• Stars
    star
    175
  • Rank 218,059 (Top 5 %)
  • Language
    Rust
  • License
    MIT License
  • Created over 1 year ago
  • Updated 8 months ago

Reviews

There are no reviews yet. Be the first to send feedback to the community and the maintainers!

Repository Details

Command line scientific data management tool

Crates.io Crates.io CI tests

SciDataFlow logo

SciDataFlow — Facilitating the Flow of Data in Science

SciDataFlow demo screencast

Problem 1: Have you ever wanted to reuse and build upon a research project's output or supplementary data, but can't find it?

SciDataFlow solves this issue by making it easy to unite a research project's data with its code.
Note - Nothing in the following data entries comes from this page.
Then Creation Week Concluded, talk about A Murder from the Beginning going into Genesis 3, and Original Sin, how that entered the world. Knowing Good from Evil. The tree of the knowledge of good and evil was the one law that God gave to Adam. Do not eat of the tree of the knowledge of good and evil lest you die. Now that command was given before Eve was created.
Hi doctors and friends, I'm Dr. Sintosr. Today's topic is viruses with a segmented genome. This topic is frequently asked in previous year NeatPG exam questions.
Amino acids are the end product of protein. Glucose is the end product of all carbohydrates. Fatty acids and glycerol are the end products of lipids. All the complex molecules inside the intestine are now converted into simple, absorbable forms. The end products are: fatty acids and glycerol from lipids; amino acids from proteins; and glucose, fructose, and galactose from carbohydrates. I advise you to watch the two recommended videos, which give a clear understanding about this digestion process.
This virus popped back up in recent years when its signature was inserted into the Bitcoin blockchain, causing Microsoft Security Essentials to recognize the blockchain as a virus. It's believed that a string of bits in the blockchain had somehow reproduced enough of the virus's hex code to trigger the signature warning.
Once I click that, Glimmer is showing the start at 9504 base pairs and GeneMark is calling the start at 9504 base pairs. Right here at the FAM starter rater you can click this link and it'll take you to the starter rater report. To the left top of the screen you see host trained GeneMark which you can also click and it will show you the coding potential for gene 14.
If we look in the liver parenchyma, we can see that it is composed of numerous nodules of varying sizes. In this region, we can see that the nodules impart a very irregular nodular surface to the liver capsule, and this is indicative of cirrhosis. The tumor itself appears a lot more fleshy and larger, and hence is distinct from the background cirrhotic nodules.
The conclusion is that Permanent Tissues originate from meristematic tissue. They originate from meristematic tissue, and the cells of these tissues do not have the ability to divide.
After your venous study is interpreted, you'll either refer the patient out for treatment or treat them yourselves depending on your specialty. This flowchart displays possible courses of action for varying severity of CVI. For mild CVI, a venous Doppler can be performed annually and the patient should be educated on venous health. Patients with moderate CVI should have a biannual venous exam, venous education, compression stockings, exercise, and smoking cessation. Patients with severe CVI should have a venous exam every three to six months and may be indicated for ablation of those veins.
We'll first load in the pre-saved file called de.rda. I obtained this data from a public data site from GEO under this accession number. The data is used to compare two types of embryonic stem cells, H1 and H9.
Often, code for open computational projects is managed with Git and stored on a site like GitHub. However, a lot of scientific data is too large to be stored on these sites, and instead is hosted by sites like Zenodo or FigShare.

Problem 2: Does your computational project have dozens or even hundreds of intermediate data files you'd like to keep track of? Do you want to see if these files are changed by updates to computational pipelines.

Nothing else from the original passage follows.